らごら



浄徳寺 住職
廣岡 憲雄

月報 「らごら」10月号より抜粋



 
  秋を迎えて

 「本当に暑かった今年の夏でした。」と過去形で書いていますが本当にこれで終わるのでしょうか。
 天気予報が信じられないように私たちを取り巻くいろいろな事柄は信じられないものばかりです。
 私たちが目で見、耳で聞き、手で触るもの、鼻で臭いを嗅ぐもの、頭で考えるもの等は「アッ」という間に変化をしてしまいます。
 いつまでも変わることのない真実とは何でしょうか。それを求めるのが宗教なのです

 私たちはどうしても真実よりも身近な変化をするものを普遍のものと思い追求してしまいます。
 例えば、迷信や俗信は私たちの心にしっかりと根付いています。どうしてでしょうか。
 良いにつけ悪いにつけ私が何かしたときにその結果を見て
 「あの時にそんな事をしなければそうはならなかったのに。」とか「そうしたから良かったでしょう。」といわれます。
 信心があればどんな事も恐れる事はないと思われます。
 『しかし私には、本当の信心がないのです。どうすればよいでしょうか。』と問われたときに
 『「南無阿弥陀仏」を称えればよろしい。』とは答えられないと思います。
 「日頃からしっかりと聴聞しなさい。」と答えます。

 これから季候も良くなってきます。色々考えながら、無駄な事を考えずに無心でお念仏もうしましょう。

  いつまで続く恐ろしい殺人

 このところ連日ニュースになるのが殺人事件です。
 かなり前までは殺人事件はいつまでも記憶に残っていましたが
 最近は連日続いているので何も感じなくなってしまい普通の事のように思われています。

 「人を殺して何が悪いのか」という質問が出たという事がありました。
 いろいろな意見があり、共通していたのが「そんな質問が出る事自体が信じられない。」という事でした。

 ある人が「殺人は自然な事で当たり前なのだ。
 だから、なぜ殺人を犯すのかを考えるよりも、何が殺人を起こさせないかを考える事が大切である。」といっています。

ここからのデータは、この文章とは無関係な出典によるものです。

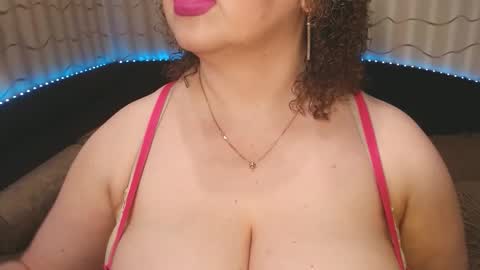 LIpsAddiction online show from April 8, 1:57 pm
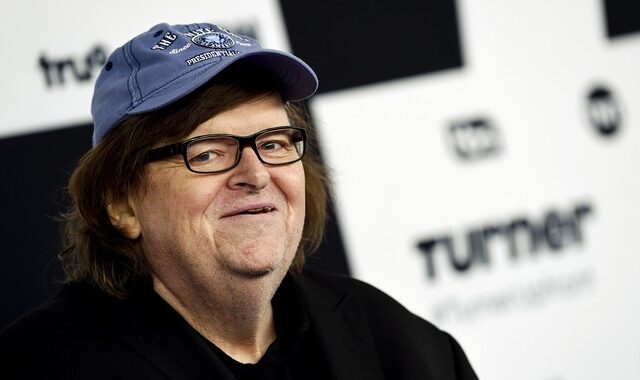 Trumpileaks: Ο Michael Moore στήνει μηχανισμό ‘αποκάλυψης’ του προέδρου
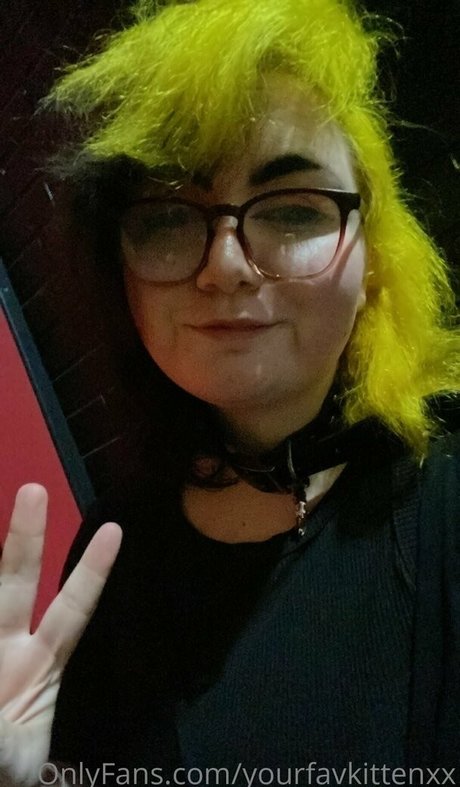 yourfavkittenxx model exclusive archive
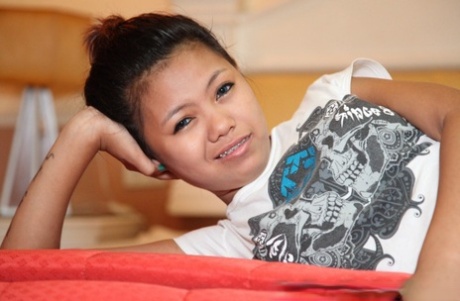 Petite Filipina teen Altea gets naked atop a bed for her sugar daddy - pornpics.de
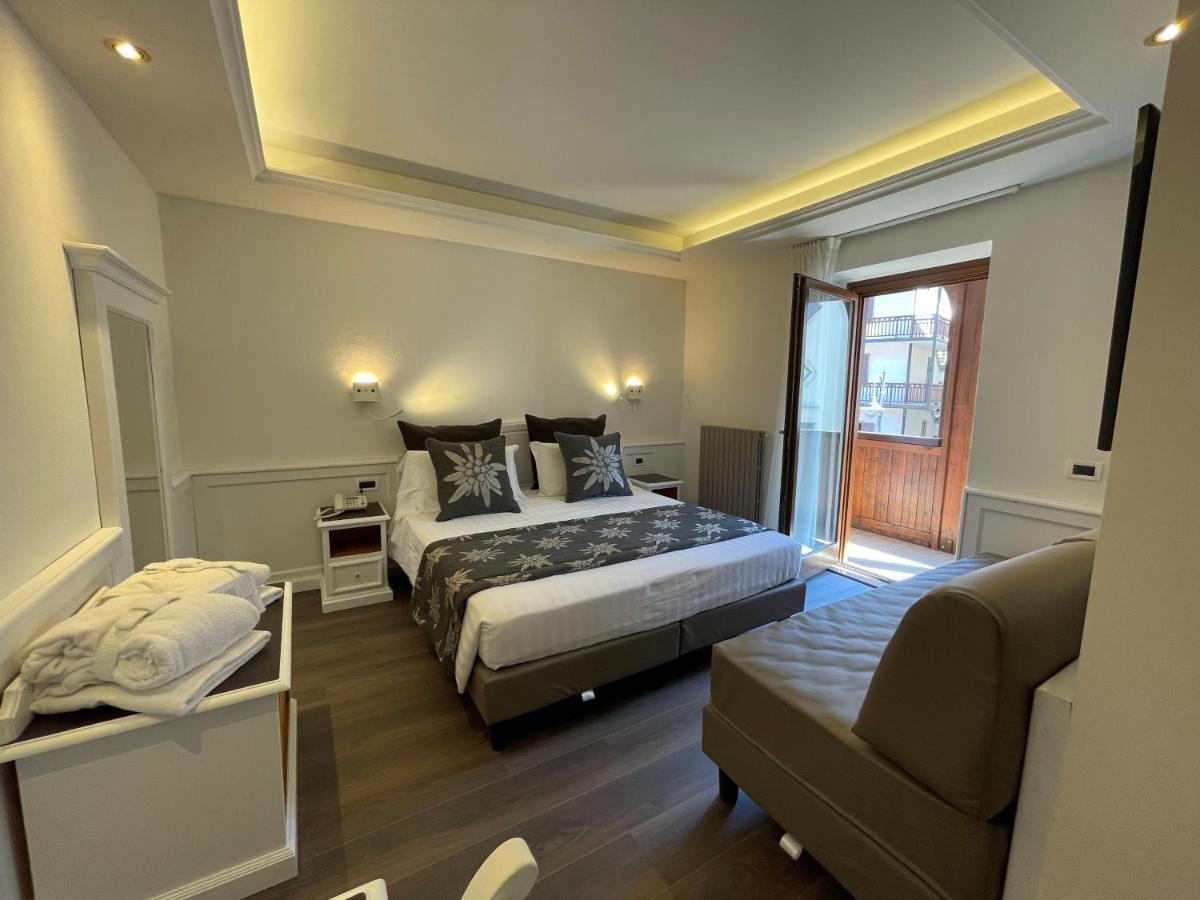 Hotel Isolabella Wellness Фиера ди Примиеро Екстериор снимка
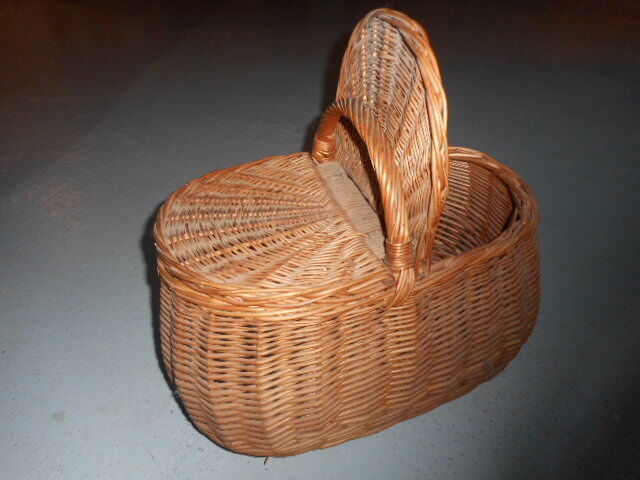 Chestnut 1940' picnic basket
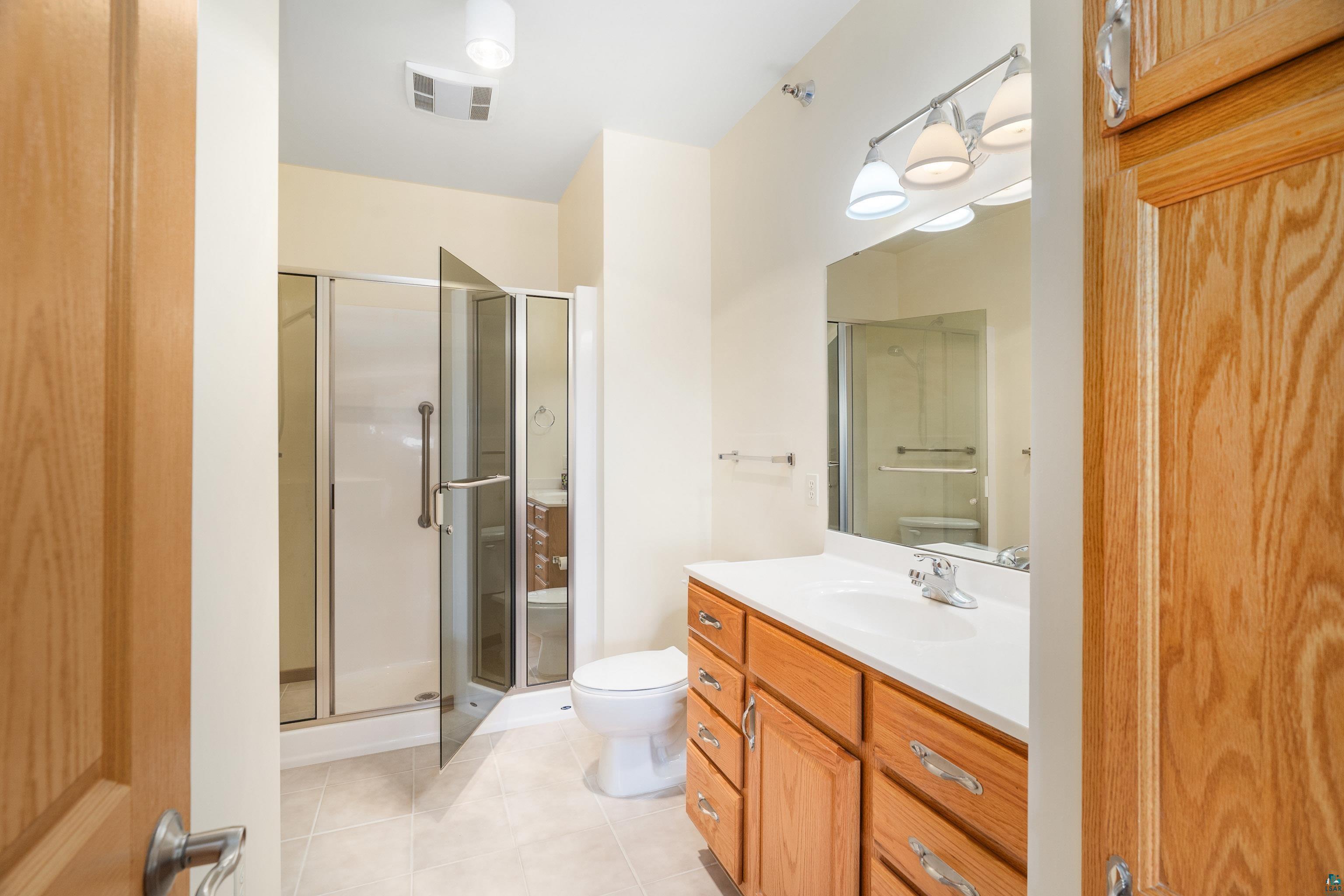 4042 Haines Road, Unit 302 Duluth, MN 55811 - Photo 12 of 31 Gallery Image 12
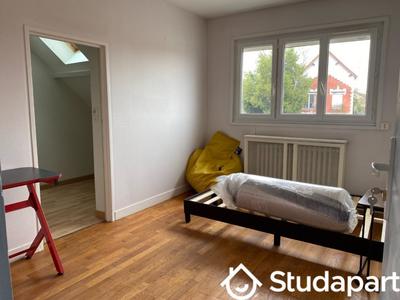 Chambre - 14 m² - 1 pièce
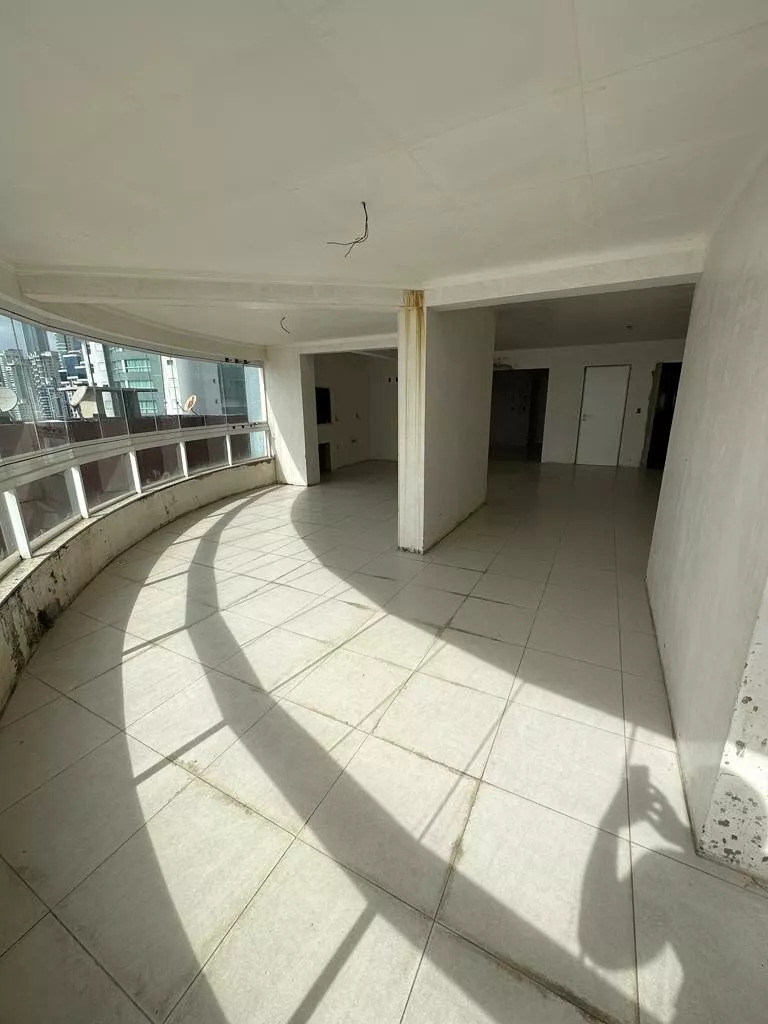 Apartamento à venda com 4 quartos, 192m² - Foto 34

 古代ローマでは人間同士や人間と野獣を戦わせ見物をして楽しんだそうです。
 日本では、戦国時代をのぞき無差別な殺人はなかったそうです。

 日本には仏教の影響があり、命の尊さ、そして尊い命を奪われる相手の悲しみを知っていたからでしょう。
 私たちは親鸞聖人の教えに従って『南無阿弥陀仏』のお念仏を称えさしていただいています。
 そのような環境の中で、誰もが味わう病気の苦しみ、貧困の苦しみ
 色々な事に悩む苦しみを通して、人間として親から尊い生を受けています。

 「毎日毎日を感謝しながら『ありがとう。』という気持ちで生活させていただいていますか。」と問われたときに
 『その通り、感謝して生活をしています。』という答えが出れば最近のような極悪な殺人事件は起こらないと思います。

  最近の世の中は物騒

 近頃学校に変な人が入ってきて先生に暴力を振るったり、子供に傷を付けたり
 また保育園に侵入したりする事件が相次いでいます。『梅の花保育園』では、門を閉め通路の扉は閉め切ったままにしています。
 保育園の門扉、山門横の長い門扉、ホール横の門扉等出入りされた時には
 「保育園の子供たちの安全のため」必ず閉めておいてください。ご協力お願いいたします。

 最近安全確保から、御門徒の川端貞治さんが毎日、朝、昼、夕方に、グリーンのベストを着て子供たちの安全を願い
 安全を確保するために何処からともなく現れて、子供たちに「パトロールの先生」と慕われています。

 今年は台風が沢山来ました。
 雨の少ない台風だったので風が運んできた塩分のおかげで
 境内にある楠、榎木、椋の木、銀杏などは南に面した部分が塩害を受け毎日盛んに茶色く枯れた葉を落としています。

 毎日の掃除が大変です。これから冬に向け掃除のお手伝いを募集しています。